Penso que a questão fulcral é a de reflectir se a existência de um rei impediria ou não as modificações / reformas mais significativas feitas pelos republicanos após 1910.
Pessoalmente não vejo porque impedisse, pelo que o argumento que se baseia no confronto de dois projectos políticos antagónicos e irreconciliáveis não explica claramente a inevitabilidade do fim da monarquia.
Portugal no fim do século XIX não era um produto da governação do rei, mas dos grupos políticos e sociais que o apoiavam e dos quais estava refém desde a derrota dos miguelistas.
Muita gente veio a culpar o ditador João Franco pela morte de D. Carlos porque o seu governo suscitou viva oposição tanto dos partidos monárquicos como do republicano. Portanto penso ser pacifico que o projecto político de João Franco era exclusivamente o de D. Carlos , visto ser este que legitimava o seu governo.
Acredito que a causa que justifica o regicídio está no conflito de interesses dos grupos sociais / políticos que estavam por trás dos partidos monarquicos e do republicano. Durante o liberalismo o rei tinha-se sempre apoiado num pequeno grupo social que resultava da fusão entre a nobreza e a alta burguesia, que detinha todo poder político e económico.
As reformas económicas desenvolvidas na segunda metade do século XIX por Fontes Pereira de Melo, permitiram o desenvolvimento de uma pequena e média burguesia ambiciosa e dinâmica que exigia direitos políticos e acesso às lucrativas posições no Estado que lhes eram vedadas. As suas exigências eram apoiadas ainda por um proletariado urbano não muito numeroso, mas activamente contestatário da ordem estabelecida.
O referido crescimento dos grupos contestatários foi aproveitado pelos republicanos para começaram a minar a posição do monarca e do regime.

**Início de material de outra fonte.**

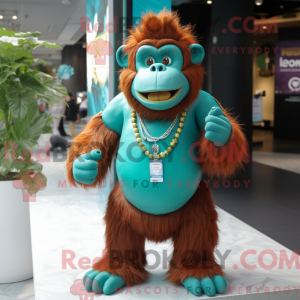 Turkis orangutang maskot...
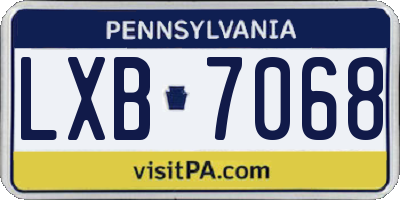 PA license plate LXB7068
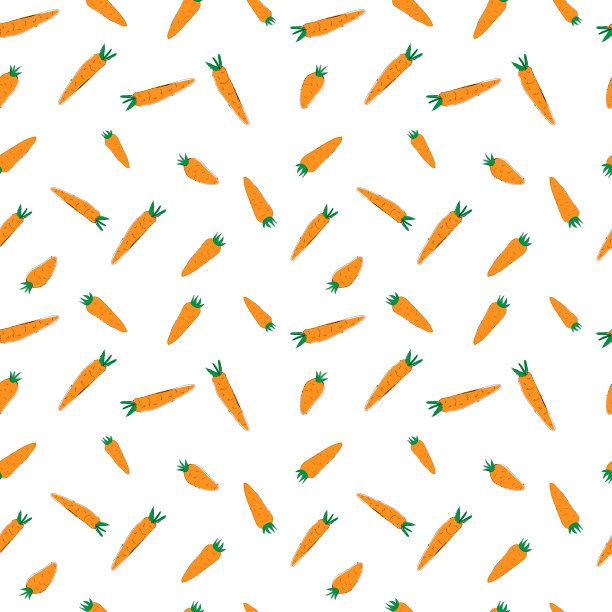 矢量无缝模式与胡萝卜。可作为印刷、墙纸、包装纸设计、纺织品、笔记本、记事本、餐具等物品。图片下载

Simultaneamente as questões levantadas em torno do ultimato britânico foram intensamente aproveitadas pelos republicanos com o fito de emprestar um cunho patriótico ao derrube da monarquia (e às ambições pessoais dos primeiros).
Portanto no final do século XIX, o rei estava no meio de dois grupos políticos que se confrontavam, um exigindo direitos políticos e reformas, outro lutando para defender os seus privilégios e o status quo existente.

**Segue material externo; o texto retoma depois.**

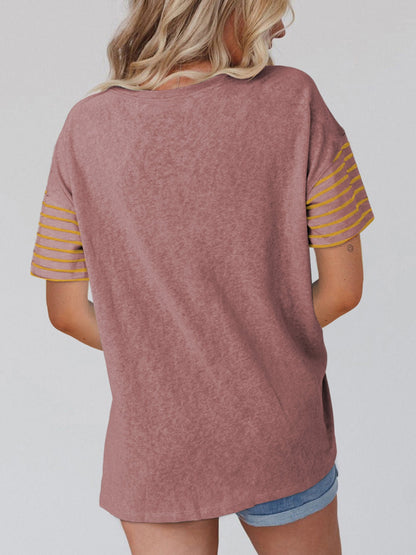Color Block Striped Detail Loose T Shirt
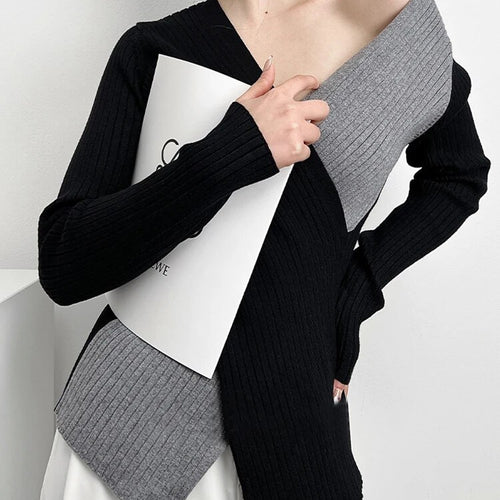 Load image into Gallery viewer, Slim Knitting Irregular Sweater For Women V Neck Long Sleeve Solid Minimalsit Pullover Female Clothing Fashion
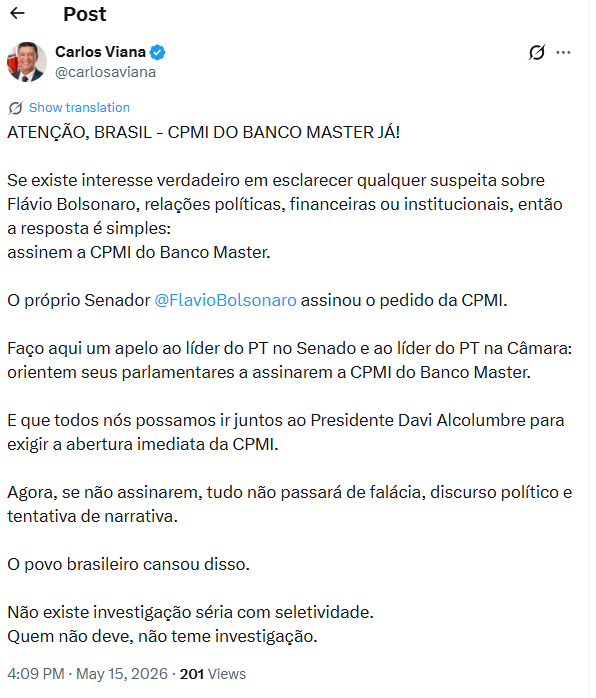 Publicação no X. Reprodução: X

Os ideólogos republicanos ambicionavam o controle total do Estado através da eliminação da figura do rei, que desejavam substituir por pessoas mais comprometidas com os partidos políticos.
D. Carlos, apercebendo-se do rumo dos acontecimentos e da situação cada vez mais perigosa em que se encontrava, optou pela única solução que lhe restava que era a da governação indirecta através da interposta pessoa de um político da sua inteira confiança (João Franco). O seu objectivo era logicamente por em prática as reformas políticas prometidas pelos republicanos à pequena e média burguesias, reconquistando a sua lealdade e alterando a base de apoio da monarquia. Retiraria assim dessa forma qualquer sentido ao seu derrube. Obviamente que estas intenções suscitaram a oposição tanto dos republicanos como dos sectores privilegiados que tradicionalmente apoiavam a monarquia.
A alienação de parte do sector monárquico motivada pela ditadura de João Franco, explica em boa medida porque razão em 1910 a minoria republicana conseguiu tomar o poder com tão pouca resistência. As trágicas mortes de D. Carlos e de D. Luís Felipe, selaram portanto o destino da monarquia portuguesa e deixaram o projecto politico do rei para sempre inacabado e envolto numa aura de ambiguidade e mistério.